Ilgaz’ın son sahnedeki patlamasının sebebi tüm bölüm boyunca topladığı gerilimdi. Diziye yeni dahil olan Fırat karakteri de son noktası oldu ve olabilecek en saçma cümlelerle içindeki kırgınlığı dışarıya vurup Ceylin’i incitti. Ilgaz’ı henüz yeni babasını kaybetmiş bir çocuk olarak düşünürsek çok sevdiği karısı tarafından henüz kendini bile affedemediği bir geçmişle sorgulanmasını üzerine bir de kıskançlık krizine girmesini her ne kadar haklı bulmasam da anlayabiliyorum. Tıpkı Ceylin’i anlayabildiğim gibi. İkisinin gözünden de ayrı ayrı baktığımdaikisine de hak veriyorum.

Fırat karakteri hakkında da birkaç bir şey söylemek istiyorum. Nil karakterine karşı ne hissettiysem Fırat’a karşı da aynı hisleri hissettim. Yargı gibi bir dizide üçgen denilen ilişkiler sarmalına yer olmadığını düşünüyorum. Kıskanılmak güzel bir şey, kıskanmak da öyle. Sevdiğiniz kişiyi gözünüzden bile sakınırsınız yeri geldiğinde ancak dozunda. Ilgaz’ın ismini de Ceylin’in ismini de bir başkasının isminin yanına yazamıyorum. Çünkü bazı insanlar sadece birbiri için yaratılmıştır.
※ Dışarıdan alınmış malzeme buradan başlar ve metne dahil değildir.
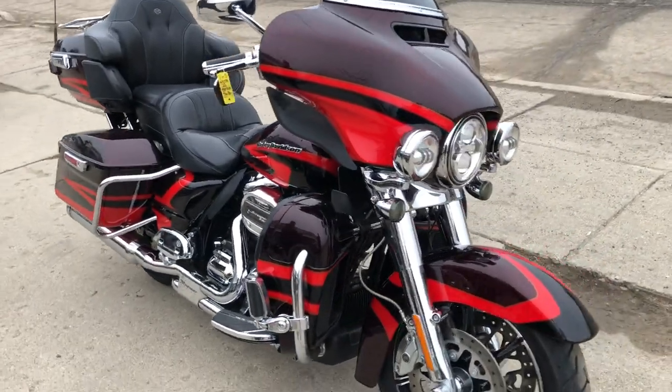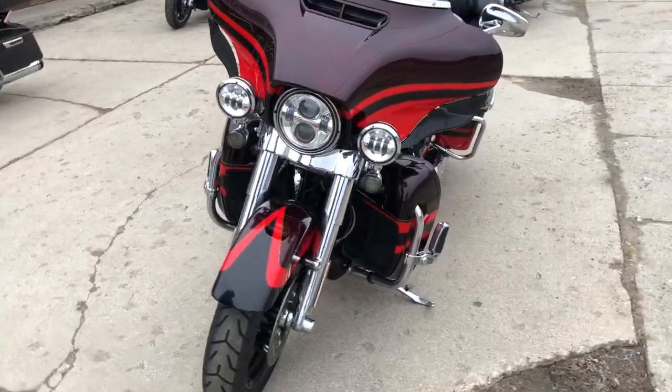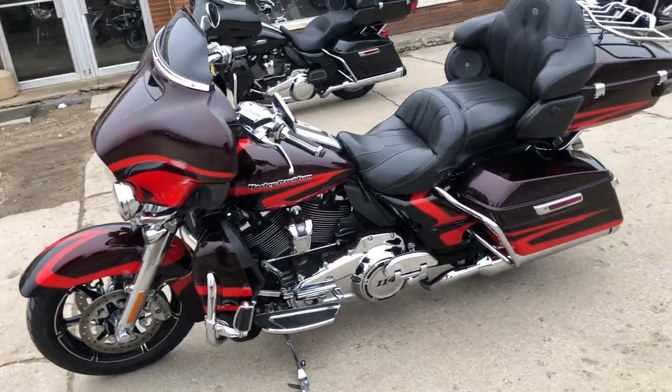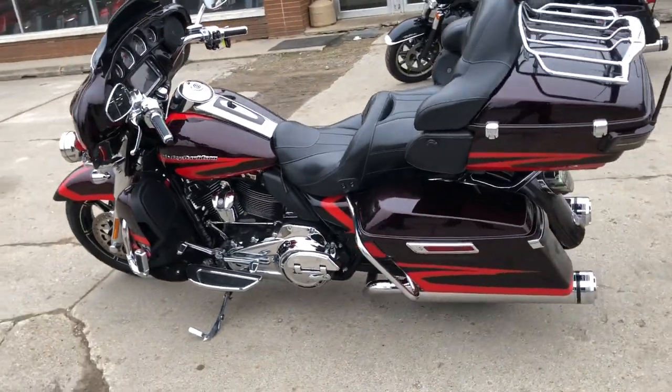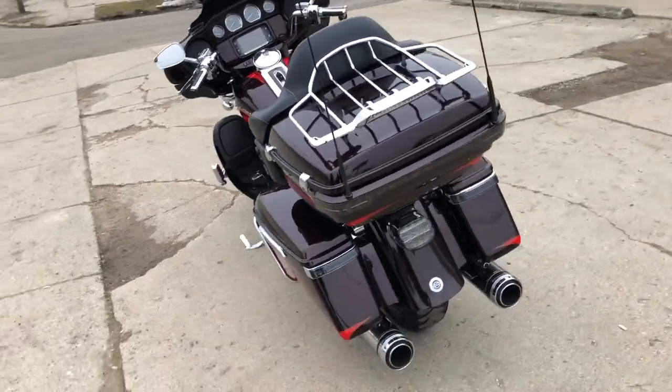Hey guys, ApprovalPowerSports.com. Check out this 2017 Screamin' Eagle we got in, in the Black Garnet Electric Red Pearl. This thing sold new for over $42,000. It's got that 114-inch Screamin' Eagle motor, all the chrome, all the CVO upgrades. Don't miss this one.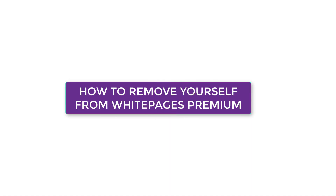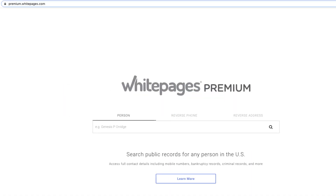How to remove yourself from White Pages Premium. White Pages Premium collects and posts all kinds of personal information publicly online. Removing yourself from White Pages Premium requires you to fill out an opt-out form. After that, your listing should be removed within 48 hours.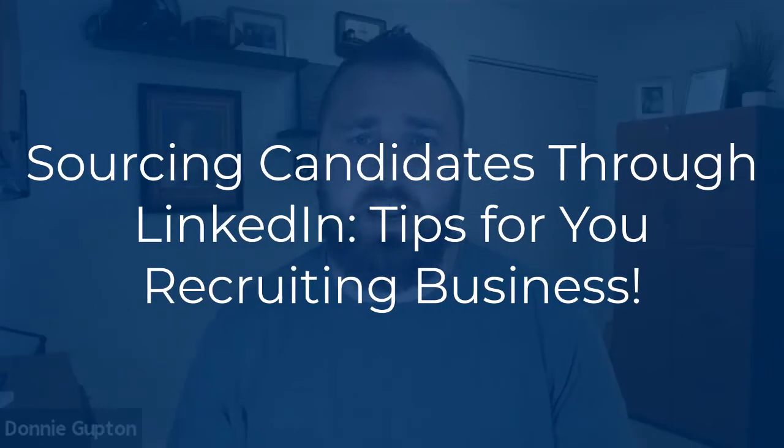Are you looking for a way to get rid of LinkedIn Recruiter? Are you looking for ways to maybe just source candidates in general by leveraging LinkedIn? By the end of this video, I'm going to share three strategies that I use, that my clients use, to generate and source candidates on LinkedIn with consistency.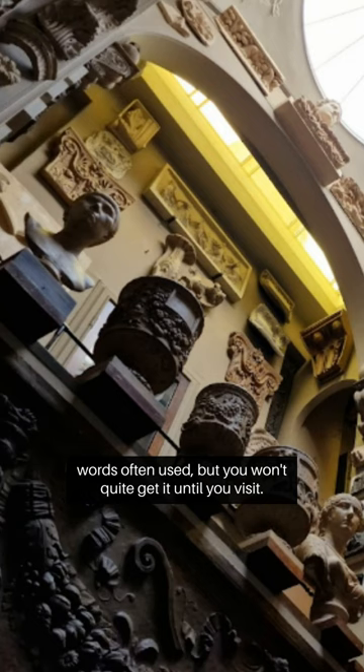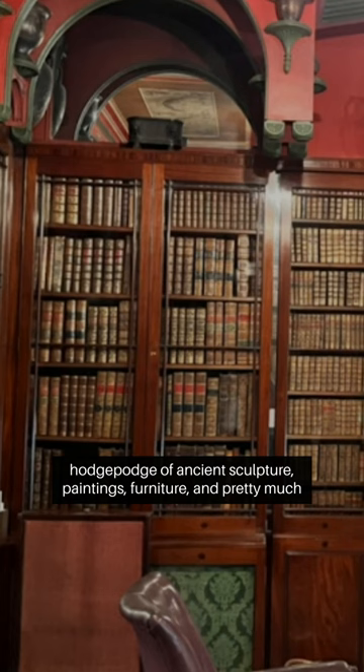Kept exactly as it was when he died in 1837, the museum is a respectful hodgepodge of ancient sculpture, paintings, furniture and pretty much anything else that interested him. Also, take time to stroll Lincoln's Infields, the largest public square in London.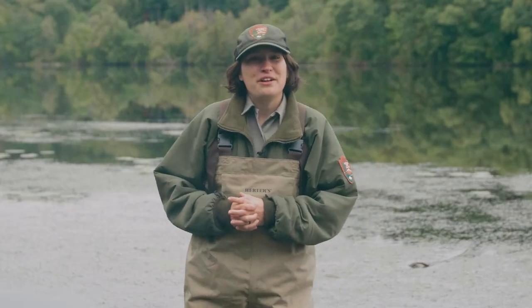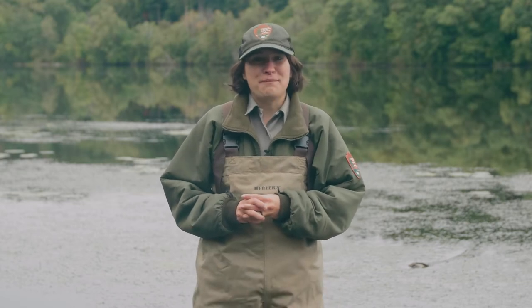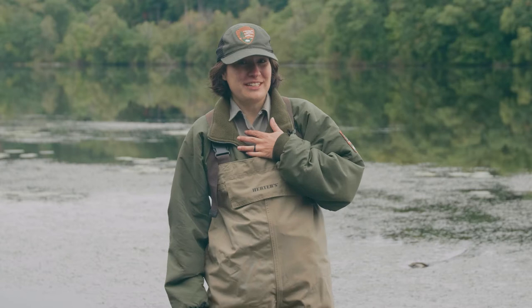Hello everyone, and welcome to the Rivers Are Alive Let's Go Mucking program. My name is Ranger Liz.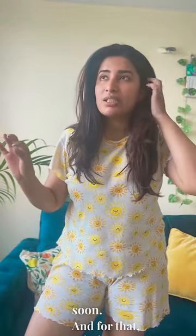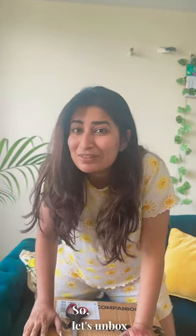Guys, I am going on a trip soon and I ordered a mid-size suitcase from Myntra's sale, so let's unbox it.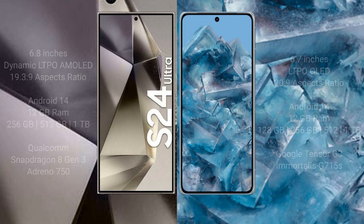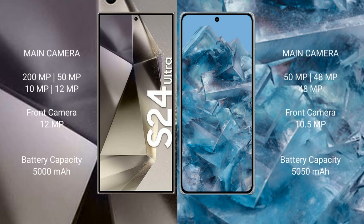The Samsung Galaxy S24 Ultra features a quad rear camera setup with a 200 MP main camera, along with additional lenses. The Google Pixel 8 Pro features a triple rear camera setup with a 50 MP main camera plus 48 MP additional lenses.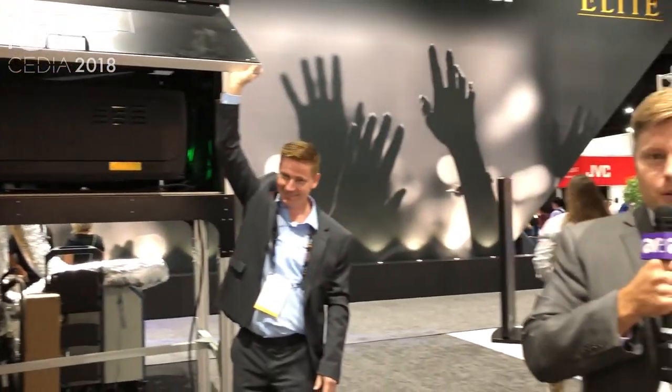If you're watching this from home, go to BarkerResidential.com and we'd love to have you come by our booth as well, which is 2127. Thank you.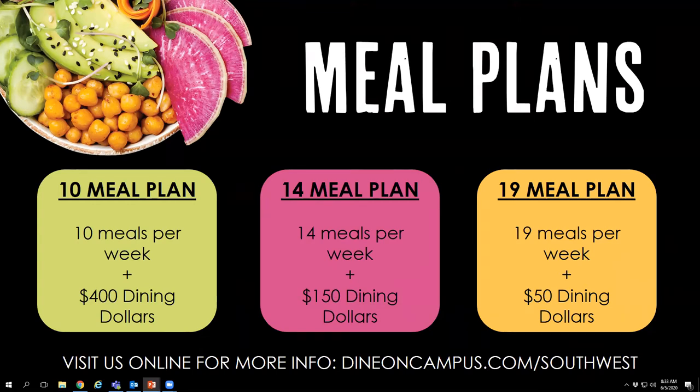Each of our meal plans comes with dining dollars. Dining dollars are, for lack of a better word, cash that can be used at dining locations on campus only. You can use dining dollars at our coffee shop, our sub shop, C-store, or even at concessions during a sporting event. Our most popular meal plans are probably the 14 meal and the 10 meal plan, generally favored because they come with the most dining dollars. People like to use them to get coffee or frappuccinos or grab a little bit of stuff to take back to their dorms to supplement their meal plan.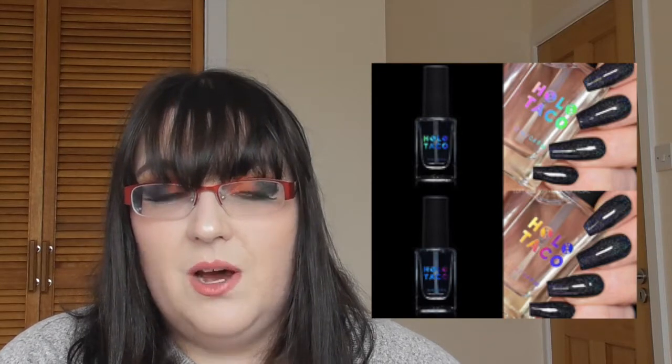Holo Taco — a brand by a YouTuber who does nail stuff — got its name because she'd say 'holographic top coat' and people thought she said 'hollow taco.' They've released two new top coats for $11 each: the Super Glossy Taco and the Glossy Taco. If you're into nail polish, that might be good for you.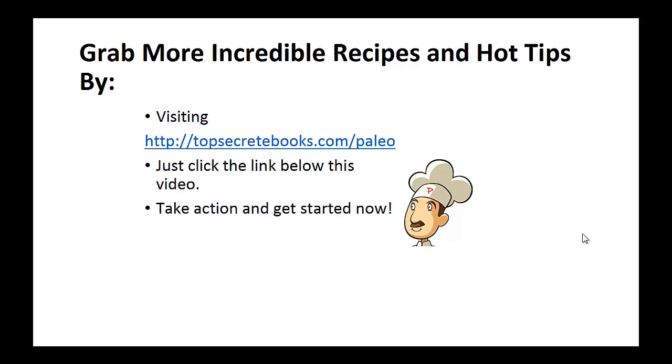And that's the recipe of the day. If you enjoyed this video, then like the video and subscribe to my channel. If you'd like to learn more about the paleo diet so you can experience improved sugar control and weight loss, then click the link below the video, take action, and go check it out.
Ceylin’in “Bir bardak kırıldığında sorumlusu bendim.” cümlesi çok tanıdık ve hayattandı. Bazı insanların eline doğarız, bazılarını ise kendimiz hayatımıza alırız ve genelde bu insanlar bizi bunca zaman olduğumuz kişi için suçlarlar. Pişmemiş yemeğin sorumlusu biz olduğumuz gibi onların yolunda gitmeyen hayatlarının da sorumlusu biz oluruz. Öylesine inandırırlar ki bizi buna; biz artık kendimiz için bile kötü, yalancı, beceriksiz, kalpsiz oluruz. Tüm kötü sıfatları adımızın önünde taşırız gururla. Ancak insanlar bizi buna inandırmış olsalar bile biz aslında kötü, yalancı, beceriksiz veya kalpsiz değilizdir. Sadece insanızdır. Hata yapabiliriz, yapmışızdır, yapacağızdır. Çünkü insanız. Bazı konularda becerikli olmayabiliriz, kaba davranmış olabiliriz, yalan söylemek zorunda kalmış olabiliriz, çok fazla hata yapmış da olabilir ancak tüm bunlar sevilmeye layık olmadığımız veya dünyadaki tüm kötülüklerden sorumlu tutulmamız gerektiği anlamına gelmez. Bizi biz olduğumuz için seven o kişiyi bulduğumuzda ise tıpkı Ceylin’in yaptığı gibi köklerimizi ona bağlarız. O bizi biz olduğumuz için sever ve kabullenir çünkü. Ilgaz’ın Ceylin’in içinin beyazını görmesi, Ceylin’i Ceylin olduğu için sevmesi ve kabullenmesi gibi.
 
“İstediğin zaman ışığı söndür. Senin karanlığını da tanır ve severim.”
Rabindranath Tagore
 
Ilgaz ve Ceylin her ne kadar iki alakasız parça olsalar da aslında bir noktada birbirlerinin zıtlıklarını kabullendiler ve kusursuz bir uyuma sahip oldular. Bir aile oldular. Bir kızları var. Onca acıya rağmen hala bir şekilde birlikteliklerini devam ettiriyorlar.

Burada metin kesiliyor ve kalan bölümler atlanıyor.